Silicon Valley, California
United States
Hi,

Given the superb quality of mid- to high- end optics, one’s ability to hold the view steady is probably more important than any other single consideration. A jiggling view simply sets practical limits on effective resolution, field-mark identification, and, of course, enjoyment.

To me a tripod is too heavy and cumbersome, so my search has been restricted to monopods and Finn-sticks. As I define them, a monopod rests on the ground, whereas a Finn stick allows propping up the binoculars with arms lowered.
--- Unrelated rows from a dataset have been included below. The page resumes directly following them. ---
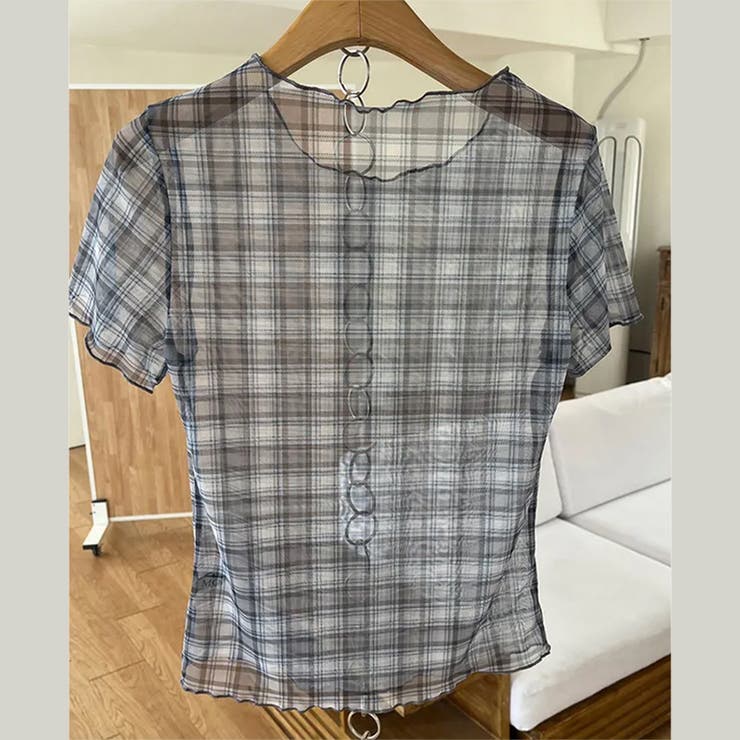 グレー | レトロ チェック チュールプリント 半袖 ロールアップTシャツ甘辛系ガールズ☆ | 17kg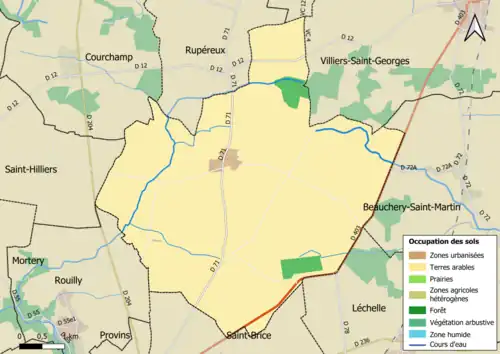 Carte des infrastructures et de l'occupation des sols en 2018 (CLC) de la commune.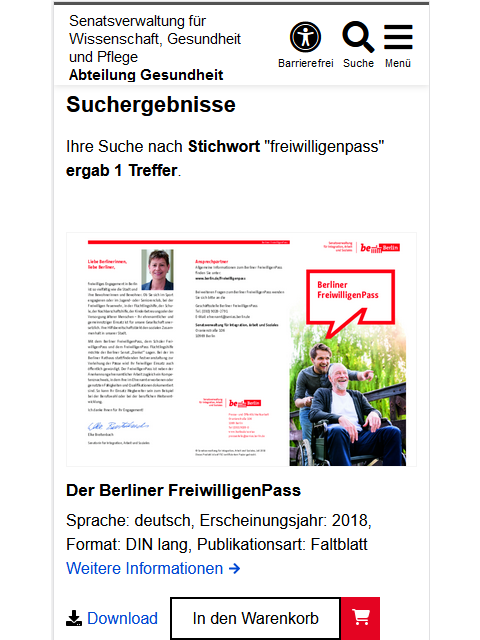 Suchergebnisse als Ausschnitt der Publikationsdatenbank mit der Überschrift "Suchergebnisse". Es folgt ein Satz mit der Anzeige der gewählten Suchoptionen und der Anzahl der Suchergebnisse. Als Ergebnis der Suche wird zuerst ein Bild der Publikation gefolgt vom Titel, einigen Informationen sowie einem "Weitere Informationen"-Link angezeigt. Darunter befindet sich links ein Link "Download" und rechts davon ein Button "In den Warenkorb".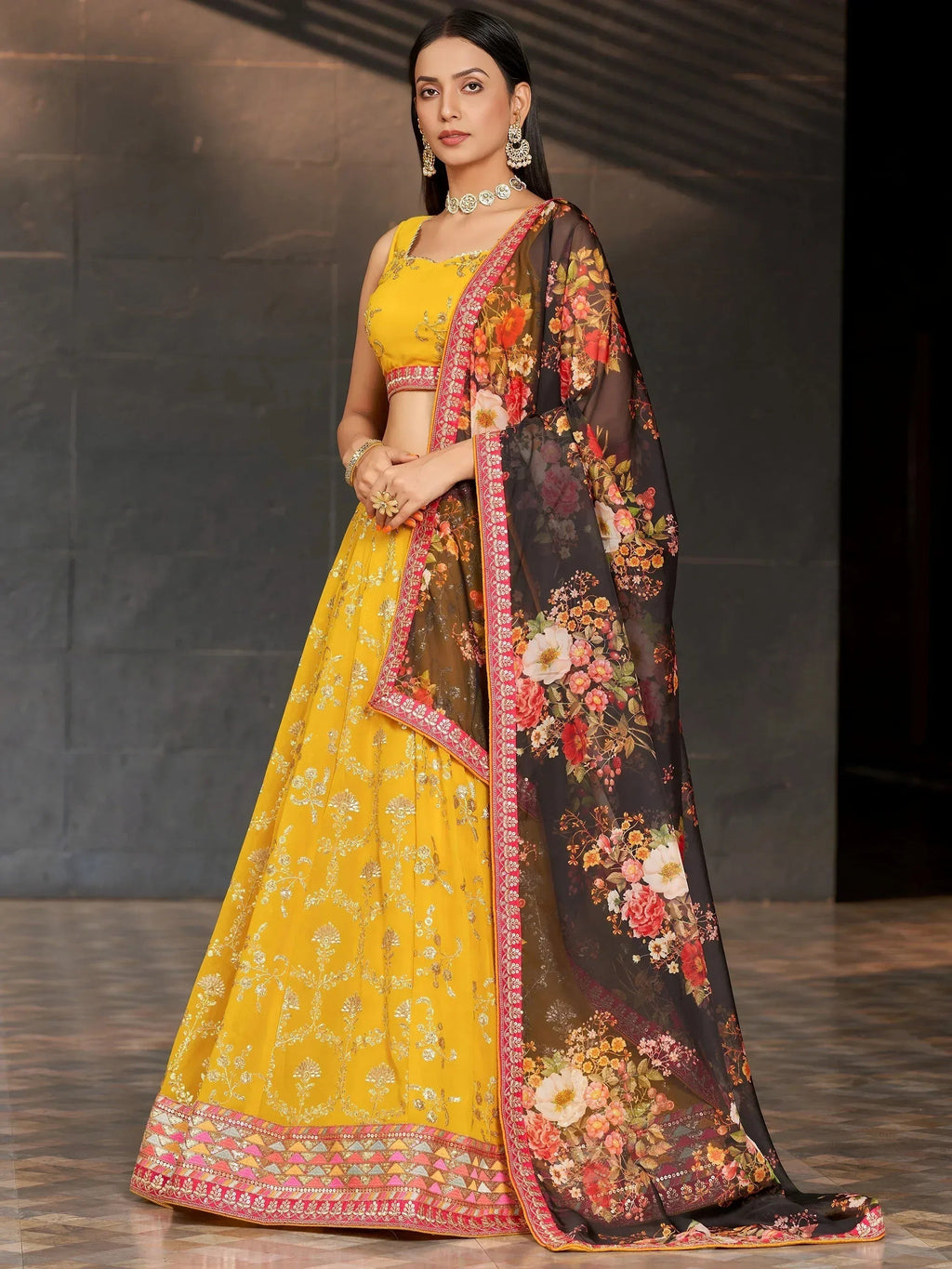 Tulsi Art Astonishing Yellow Sequins Georgette Haldi Wear Lehenga Choli | Grocsy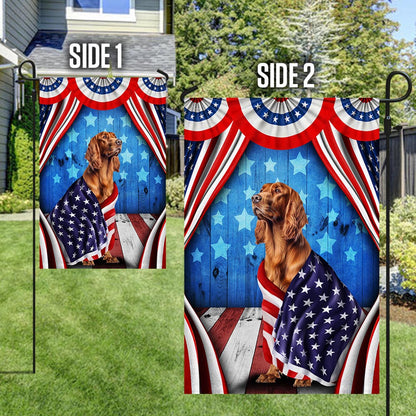 Flagwix American Flag - Happy 4th Of july. Irish Setter Patriotic Dog, American Flag Wrapped in Glory TPT898Fv7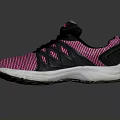 Pink And Black Knit Athletic Shoes With White Sole And Brand Logo Design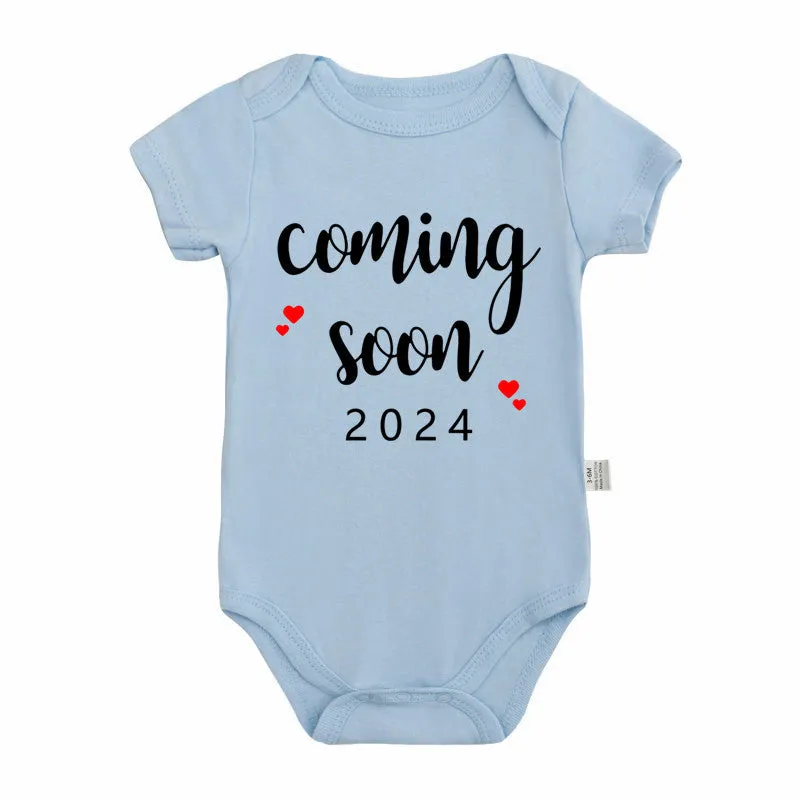 Announced Pregnancy 2024 newborn baby romper in pure cotton with short sleeves, triangle jumpsuit style, white colour, size 0-3M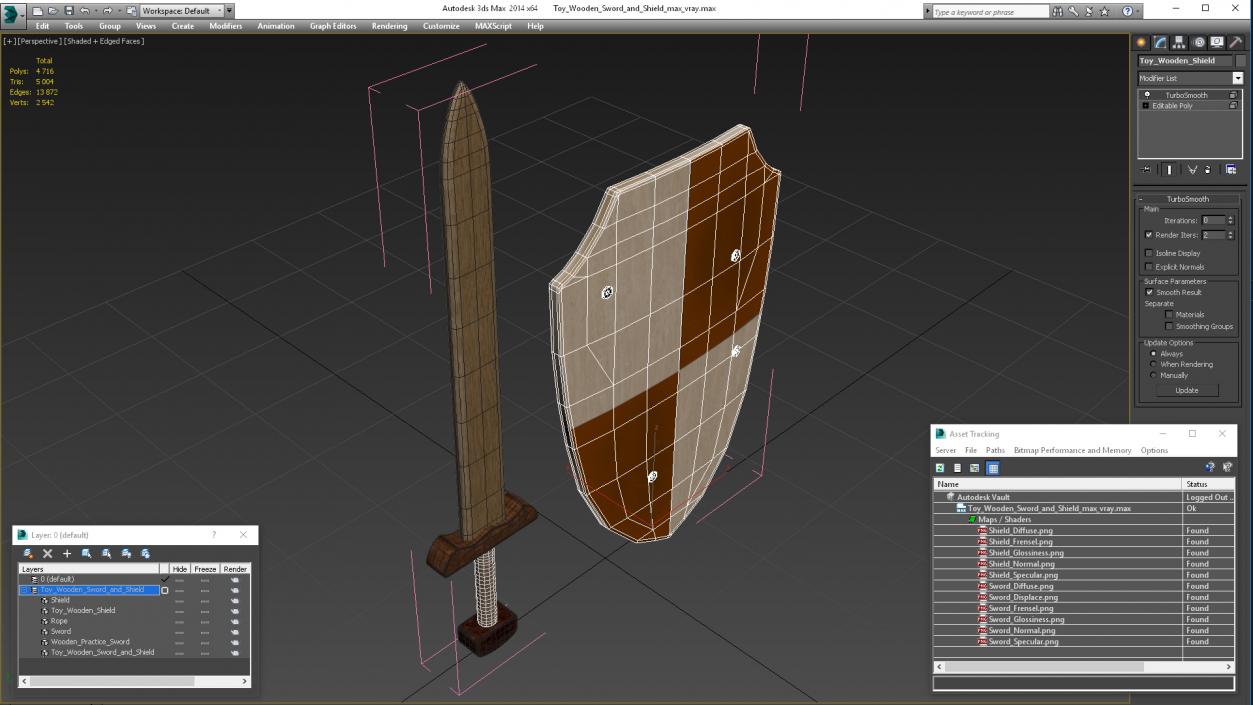 Toy Wooden Sword and Shield 3D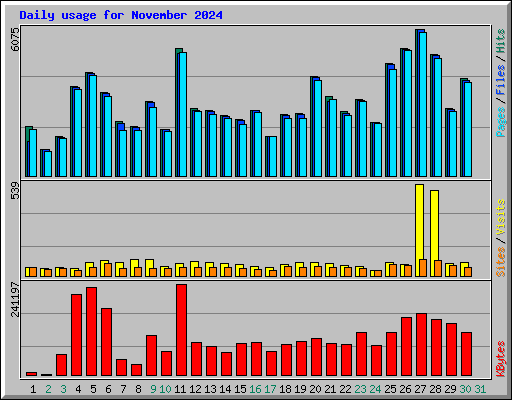 Daily usage for November 2024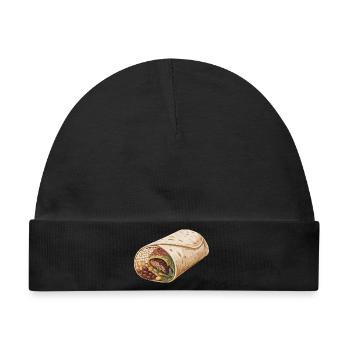 Burrito Wrap Illustration - Baby Premium Organic Mütze - Schwarz - Vorne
So, a collapsed monopod can be used as a Finn stick, but the extended monopod will be more stable and require less energy for lengthy observations. In the field there is often a need to detach the binocular quickly, so while a reliable attachment is desirable for safety and stability, a permanent one is not.

I’ve attached pictures of a terrific low cost ($35), light weight (10 oz.) “shooting stick” that can be adapted easily for use with many binoculars, particularly roofs with long hinges, and porros with chubby prism housings. Unlike most of the camera monopods I've seen, it is extremely strong and extends from a 32” Finn stick size, to a whopping 72” (max) monopod. The three sections have internal gripping cams, so there are no protruding hinges. In addition, the unit comes with an ingenious net carry bag, so it can be slung over the shoulder until needed.

The first modification to the shooting stick involves covering the “V” shaped rifle rest (made of plastic) with a leather saddle attached with rivets (or sewn, stapled, etc.). Leather is an ideal material for protecting the binoculars and also provides excellent traction so it won't slip. The second modification is to wrap the exposed upper metal section with insulated bicycle handlebar tape for a comfortable and warm grip in all weather. (I found that there was no need for the wrist stap which is easily detached.)

When in use, the binocular is perched on the saddle, as shown, with its strap draped around one’s neck. Hence, there is no way the binoculars can fall, although it is amazing how solid my trusty 10x42 SLCs stay in place. Using pencil marks on the metal sections, it is very easy to extend the monopod to the desired length, and the deployment procedure becomes quite natural. To quickly disengage the binoculars, it is simply lifted off the saddle and the stick allowed to fall to one’s shoulder on the left or right. Presto!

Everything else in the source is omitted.